» **Task requirements**: The line with "کارتون آرپو ربات / بچه راننده" starts the range, and the last line of the listing ends it. Retype that range exactly, without pictures.

» **Supplied material**:
☆ ☆ ☆ ☆ ☆
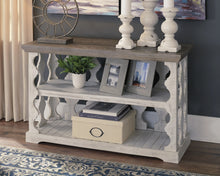 Load image into Gallery viewer, Havalance Signature Design by Ashley Sofa Table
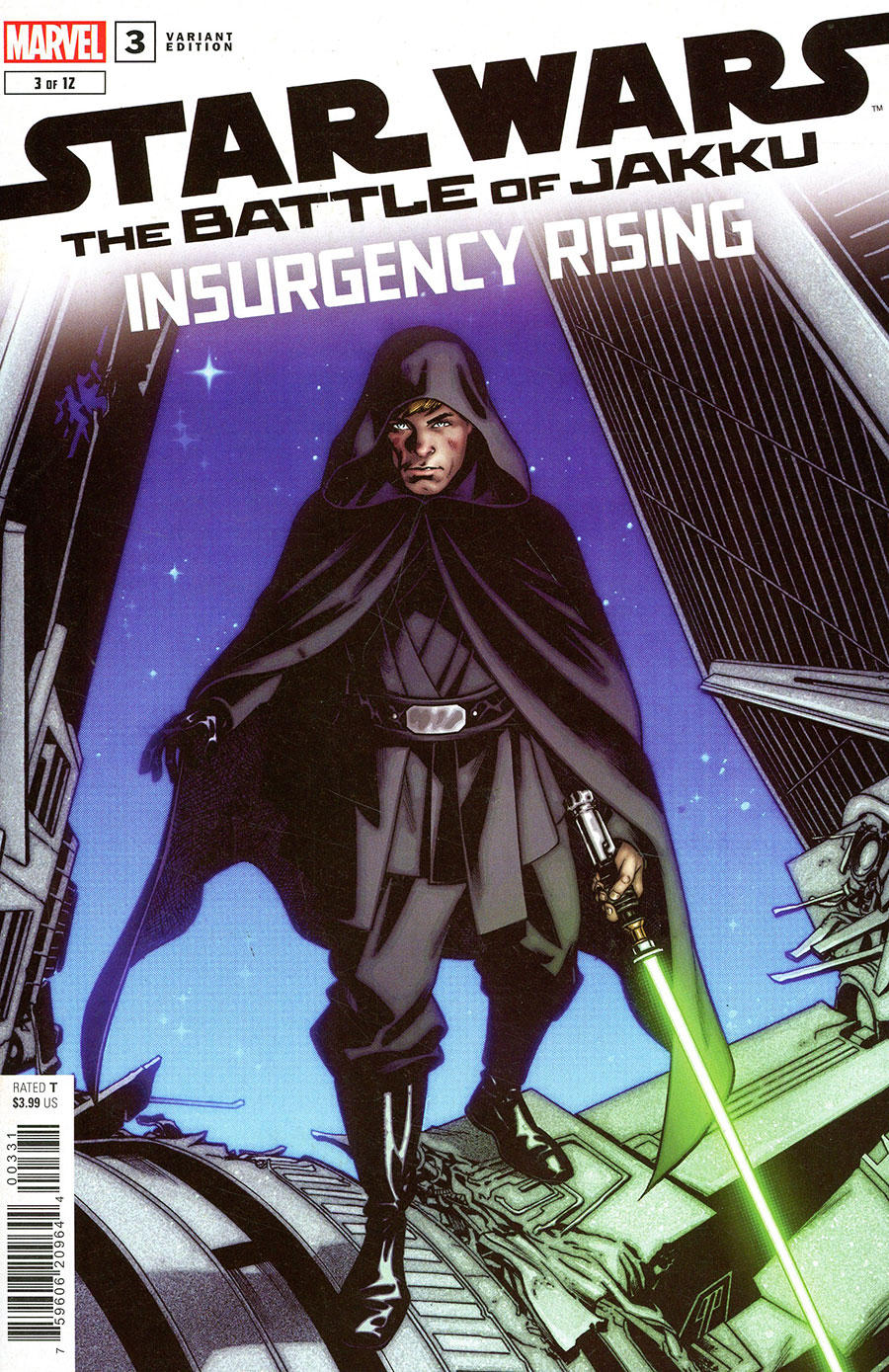 Star Wars Battle Of Jakku Insurgency Rising #3 Cover C Variant Mike McKone Cover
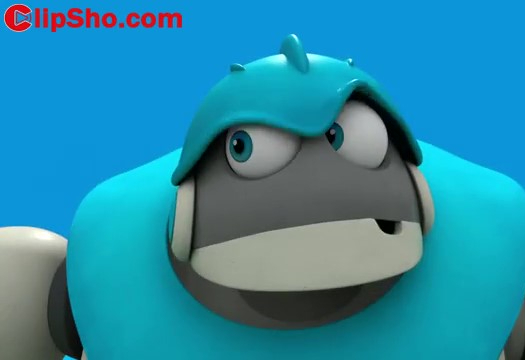 کارتون آرپو ربات / بچه راننده
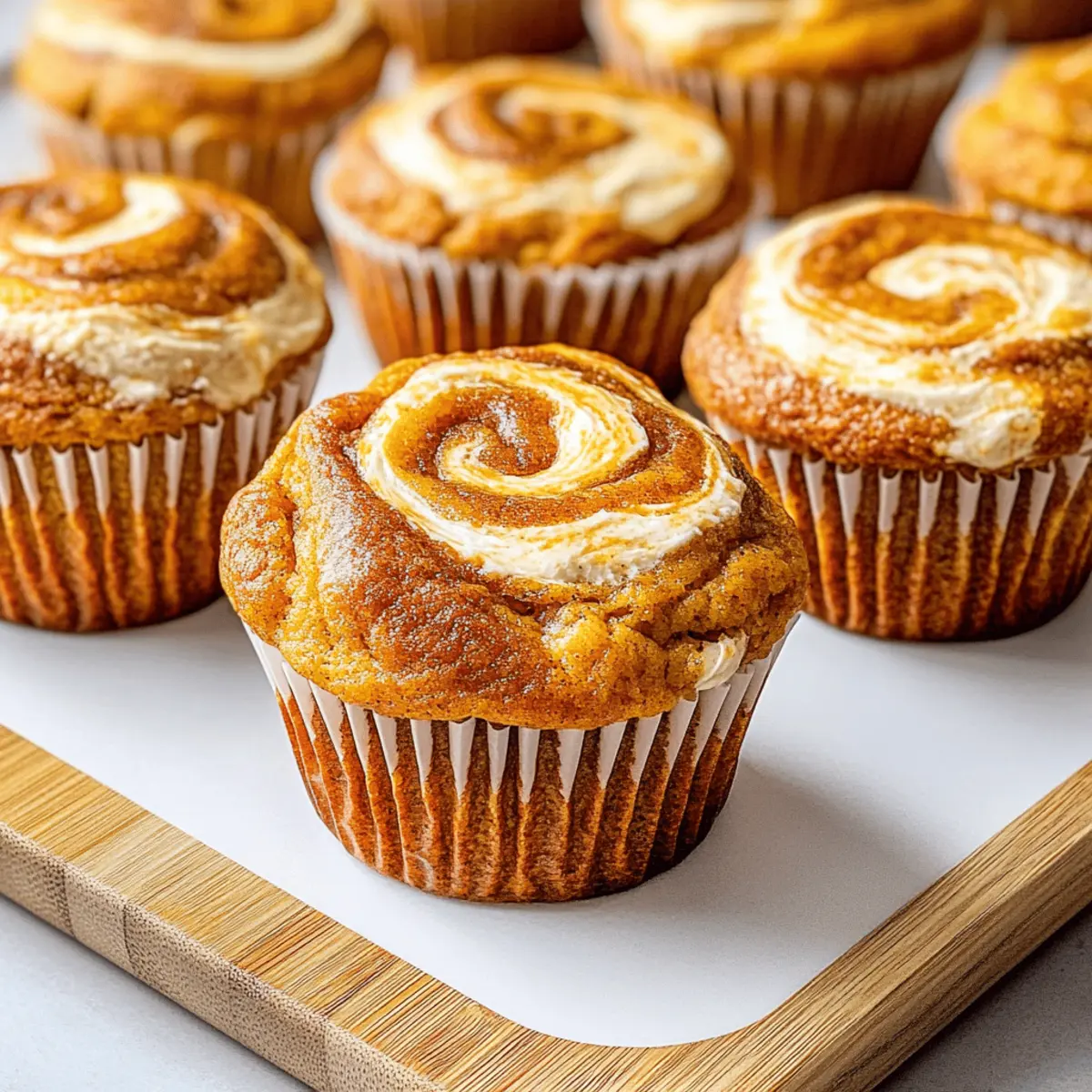 Irresistible Pumpkin Cream Cheese Muffins for Cozy Mornings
☆ ☆ ☆ ☆ ☆
» **Response for this exercise**:
 کارتون آرپو ربات / بچه راننده
 Irresistible Pumpkin Cream Cheese Muffins for Cozy Mornings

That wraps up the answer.